Mektoub est un roman paru en 2016, publié aux éditions Alto. Il a été finaliste au Prix littéraire des collégiens en 2017. Ce livre pose, ma foi, de bien bonnes questions. Notre destinée, échappe-t-elle à notre volonté ou disposons-nous d’un libre-arbitre qui nous permet de l’infléchir ? J’ai beaucoup aimé le commentaire du journal le Devoir, qui évoque une histoire d’amour impossible, un éloge de l’imaginaire, une variation sur le thème de la liberté et du destin.
Échos littéraires : Serge Lamothe, bonjour. Merci d’avoir accepté notre invitation – Bienvenu dans Échos Littéraires.
Serge Lamothe: Bonjour.
Échos littéraires : Le mot mektoub renvoie à la destinée, ou plus explicitement à la volonté divine. Pourquoi avoir choisi ce mot, au lieu simplement de mettre le mot destin ?
Serge Lamothe: Le titre de travail de Mektoub a longtemps été Zodiaque en raison du fait que le premier narrateur se présente comme un astrologue. Comme vous le savez, l’expression mektoub est très usitée dans les cultures arabes et signifie littéralement : c’était écrit. Dans le film Laurence d’Arabie, qui met en vedette Peter O’Toole et Omar Sharif, ce dernier sert deux fois cette réplique au personnage éponyme : la première, lorsqu’il retourne dans le désert pour sauver la vie d’un de ses hommes au péril de la sienne (Sharif lui signifie ainsi que c’est peine perdue et que l’homme va fatalement mourir.) ; et la seconde, lorsque les circonstances le contraignent à exécuter de ses propres mains l’homme qu’il a sauvé peu de temps avant.

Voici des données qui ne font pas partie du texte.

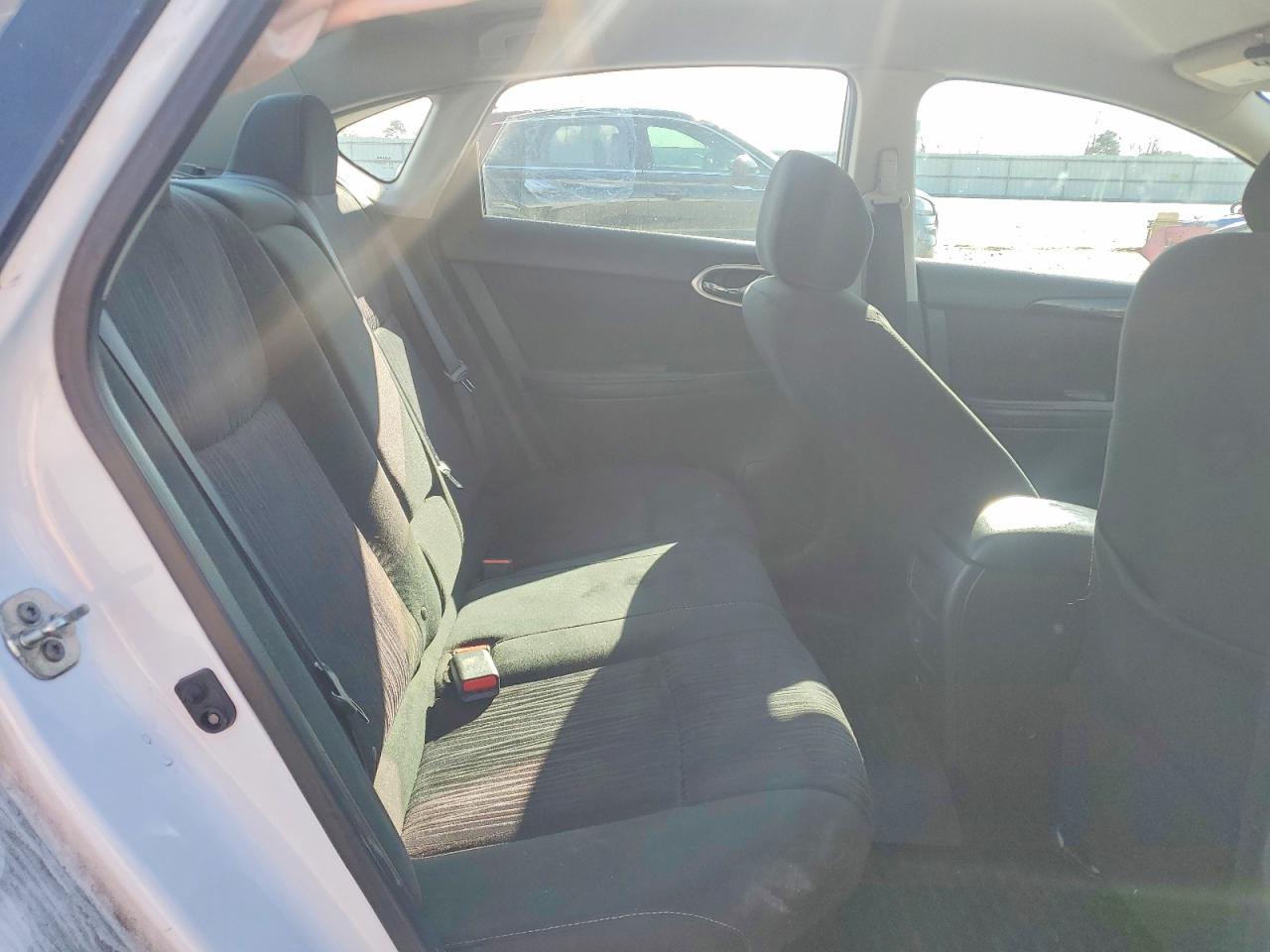 2019 NISSAN SENTRA SV photo 28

J’ai donc choisi Mektoub comme titre parce que cette expression me semble porteuse d’une réflexion que le mot destin, à lui seul, n’évoquerait pas avec autant de force et de profondeur. Tout se joue dans notre capacité à remettre en cause les déterminismes qui nous semblent imparables et à préférer les alternatives qui nous libèrent à celles qui font de nous des esclaves.

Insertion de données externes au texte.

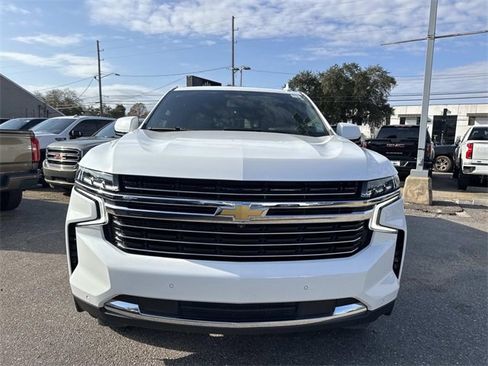 Used 2023 Chevrolet Tahoe LT w/ Luxury Package image 2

Ces thèmes m’interpellent depuis plusieurs décennies. Les questions liées à la fatalité et au libre-arbitre m’ont toujours préoccupé. Il m’a fallu longtemps avant de trouver le moyen de les aborder dans l’un de mes romans. Elles sont au cœur des questionnements du narrateur et de la narratrice de Mektoub et peuvent être formulées simplement : sommes-nous maîtres de notre destin, jouissons-nous d’un libre-arbitre qui nous permet de l’infléchir ou sommes-nous plutôt soumis à la fatalité, c’est-à-dire à un destin déjà écrit auquel il faut nous résigner et nous soumettre ? Bien sûr, le roman n’offre pas de réponse à ces questions que personne ne peut prétendre résoudre de manière définitive. Mektoub propose néanmoins certaines pistes de réflexion et quelques alternatives aux explications simplistes sur lesquelles sont fondées nombre de religions et d’idéologies. Le roman se penche sur ces questions de manière ludique et les aborde sur les plans individuels et collectifs. J’y interroge donc non seulement la possibilité pour les individus de déterminer leur destin, mais aussi les chances que nous avons, collectivement, de modifier le cours de l’Histoire. Ce questionnement me paraît essentiel à l’heure où le réchauffement climatique, la prolifération des armes nucléaires et tant d’autres fléaux menacent la survie de l’humanité.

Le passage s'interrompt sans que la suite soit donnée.